With three errors in last night's 8-0 loss to the Oakland A's in the O.co Coliseum, the Washington Nationals closed in on the MLB lead with 32 total errors in 35 games. Only the Los Angeles Dodgers, 34 in 37 games, and Cleveland Indians, 35 in 36, are ahead of the Nats, who came into the 2014 campaign stressing the importance of defensive efficiency.

The errors in Oakland were costly ones too.

Nationals' starter Doug Fister threw high to first on a swinging bunt by A's infielder Josh Donaldson with two down in the first inning. The two-base error put Donaldson on third, and resulted in Oakland's first run of the game when Brandon Moss singled in the next at bat to bring the runner in.

"We want to play clean baseball certainly and you're asking for trouble if you give them extra outs." - Matt Williams on Nationals' errors in last night's loss

With runners on first and third in the third inning, and the Nationals already trailing 2-0, a wild pitch from Fister to Yoenis Cespedes allowed the A's third run of the game to come in. Josh Reddick moved from first to second on the wild pitch and a groundout and RBI single followed to bring in run number four. 4-0.

Anthony Rendon committed the second throwing error of the night with one down in the fifth, skipping a throw to first base on another Donaldson grounder that Kevin Frandsen, in his first start of the year at first base, couldn't pick. The home run Brandon Moss hit in the next at bat was then a two-run home run instead of a solo shot. When Cespedes homered on the very next pitch from Fister, the right-handed starter was lifted from the game with the Nationals trailing 7-0 in the series opener in Oakland.

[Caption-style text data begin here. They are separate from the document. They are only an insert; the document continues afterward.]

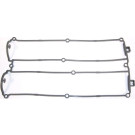 458.660 Dichtung, Zylinderkopfhaube 458.660 Dichtung, Zylinderkopfhaube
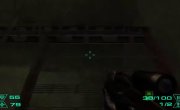  -    (Exodus from the Earth, 2007, PC.  )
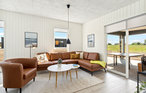 Ferienhaus - Hjarbæk Fjord , Dänemark - L50518 16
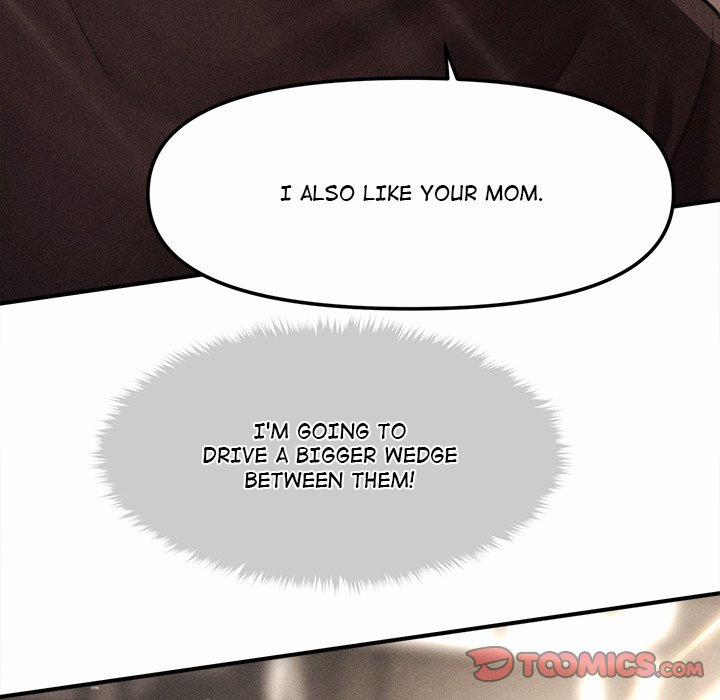 The Chairman’s Secret Son 16 trang 147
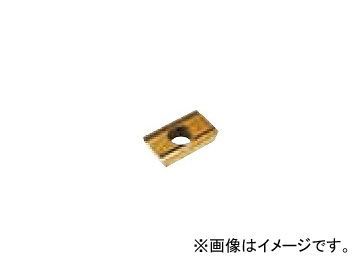 アルミ板 16x200x905 (厚x幅x長さ㍉) 保護シート付 アルミ板 16x200x905 (厚x幅x長さ㍉) 保護シート付
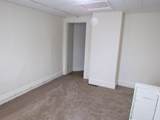 212 Orchard Street - Photo 8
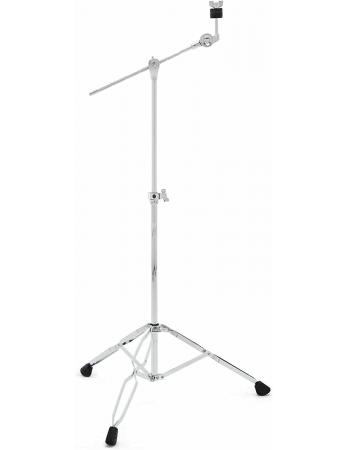 gibraltar-4709-boom-cymbal-stand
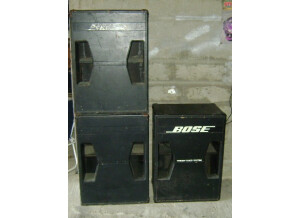 Bose 802 Series II (55466)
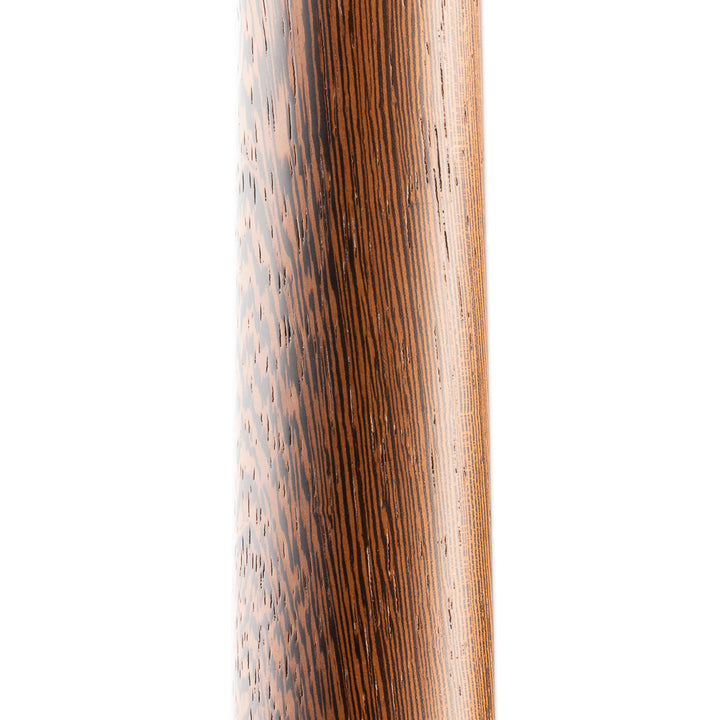 Mayones Aquila Elite V24 6 - Lagoon Burst Gloss (510)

"You certainly don't want to make multiple errors in a game and today was a case we did that..." - Matt Williams on errors in loss to A's

"It's what you ask for when you do that," Nats' skipper Matt Williams said of the errors after the game. "We want to play clean baseball certainly and you're asking for trouble if you give them extra outs. Any team can beat you and they showed us tonight."

"Everybody is going to make errors," Williams explained, "but you certainly don't want to make multiple errors in a game and today was a case we did that. You've got to help yourself and any team that you're playing if you give them extra outs you're asking for trouble and we got that tonight."

Ross Detwiler pitched around the third error of the night in a scoreless seventh that started with Scott Hairston dropping a fly to left field for his second error of the week on a catchable fly ball. When Williams talked after last night's loss, he said he planned on speaking to Hairston about the misplay after a reporter wondered if the outfielder just lost it in the lights.

"I haven't talked to him about it," he said. "But I will. I don't think so. I think it was just a question of, there's some wind out there, he hadn't been out there a lot until recently. I don't think it had anything to do with the lights."

Williams was asked about all the errors the Nationals have made early this season a few weeks back during the 11-game homestand in the nation's capital, and he admitted at the time that he was having a hard time explaining what was going wrong.

"I'm baffled," Williams said. After explaining the particular situations in which the previous night's errors occurred, he asked himself rhetorically, "So what do you do? Well, we just keep doing what we're doing. We work at it, and we work at it every day. And we do extra and we do all those things. It's not what we want, for sure, but we can't do anything but do what we're doing and that's work at it."

After last night's loss, it's clear the Nationals' defensive efficiency remains a work in progress.